Investment advice for recent grades

Graduation for your success, congratulations. You are about to turn this page into a new chapter – whether you continue your studies or start your career. I want to focus on a real life skill that will serve you well throughout your life – how to invest your money. You can start today with graduation gift checks and your first paycheck if you enter the workshop.

Invest early. If you do, time will be your greatest ally. Let me use a case study to show the point. Suppose Will starts saving for retirement at the age of 22 years. He invests 10,000 10,000 a year for 10 years and earns 8% annually. He then stopped contributing. His classmate Connor waits until he is 32 to start saving for retirement, contributes 10,000 10,000 per year for the next 30 years and earns the same 8% return.

Who has more money at the age of 62 when they are ready to retire? The answer is Will. His 100 100,000 contribution rose to 6 1.6 million, while Connor’s 300 300,000 contribution reached 2 1.2 million.
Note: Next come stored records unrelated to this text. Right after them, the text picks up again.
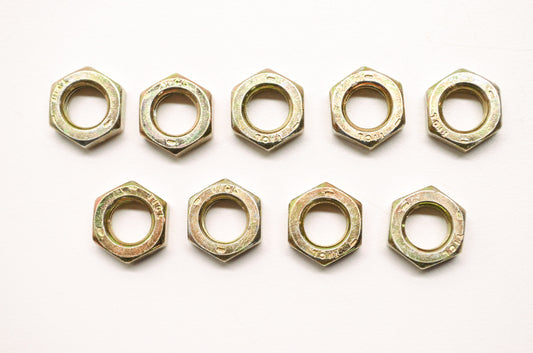 New OEM Arctic Cat 0123-150 Jam Nut 3/8-16 QTY 9 NOS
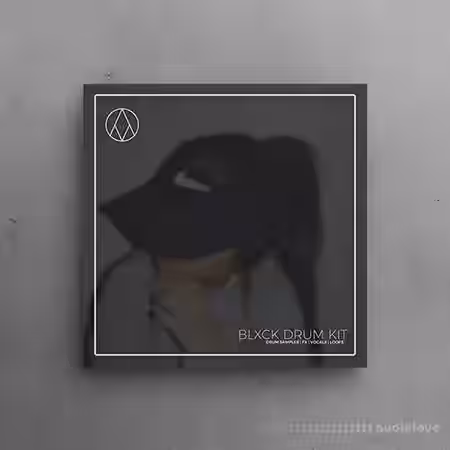 AngelicVibes Blxck (Drum Kit) [WAV, MiDi] - Sample Pack Artwork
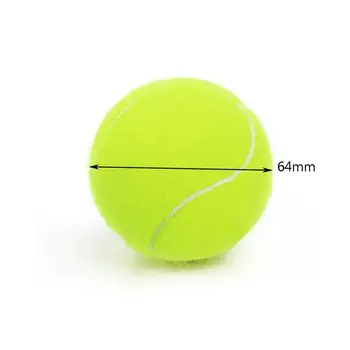 Strokovno okrepljeno gume tenis blažilec za klub, šola, usposabljanje Visoko elastičnost in trajno usposabljanje žogo, Tenis t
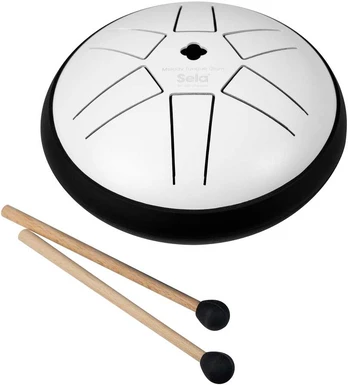 Toninis būgnas Sela Melody 5.5“ B5 baltas SE 351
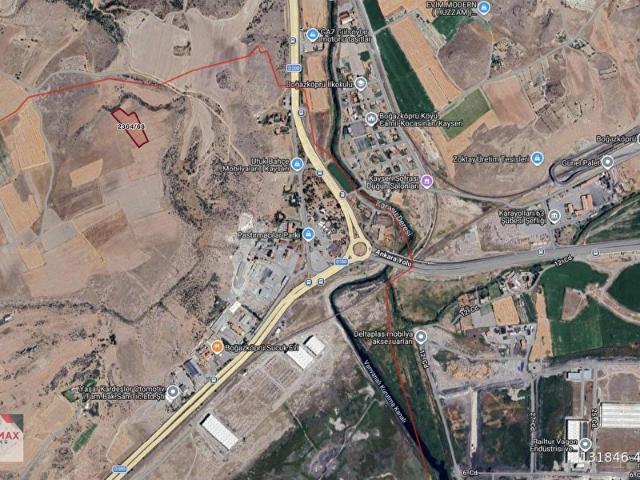 İncesu, Kayseri içerisinde satılık Arsa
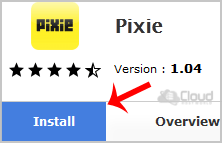 chwkb-Pixie-install-button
Connor invested another $ 200,000 and ended up with 400,000 less! *

Time and composite energy are remarkable. As Albert Einstein put it, “Compound interest is the eighth wonder of the world. He who understands, earns it … He who does not understand, pays it. (Which introductory speech is done without a pithy quote or two?)

Invest regularly. An easy way to build wealth over time is to invest regularly. If you join your company’s retirement plan, you will do so automatically by deducting regular salary allowances. You can set up your own automated investment program by setting up a Roth IRA, investing in a mutual fund or ETF of your choice, and setting up regular electronic transfers from your bank account. If you invest about $ 115 per week, you can earn a maximum contribution limit of $ 6,000 this year.

In addition to ensuring you consistently save, automated investments allow you to take advantage of the dollar-cost average (DCA). With DCA you can lower your average share price by purchasing investments at different times, as prices rise and fall. DCA only works if you hold it through the good market and the bad. It does not protect you from falling market losses or guarantee profits, but it is a prudent and practical way to invest.

Be balanced and diverse. Balance will serve you well in life and investment. Equilibrium means ownership of different types of investments – US and international stocks, US and international bonds and money market instruments. With balance you will reduce the risk, because asset classes usually do not rise and fall at the same time. In any year, for example, bonds can generate positive returns that help offset losses from the stock.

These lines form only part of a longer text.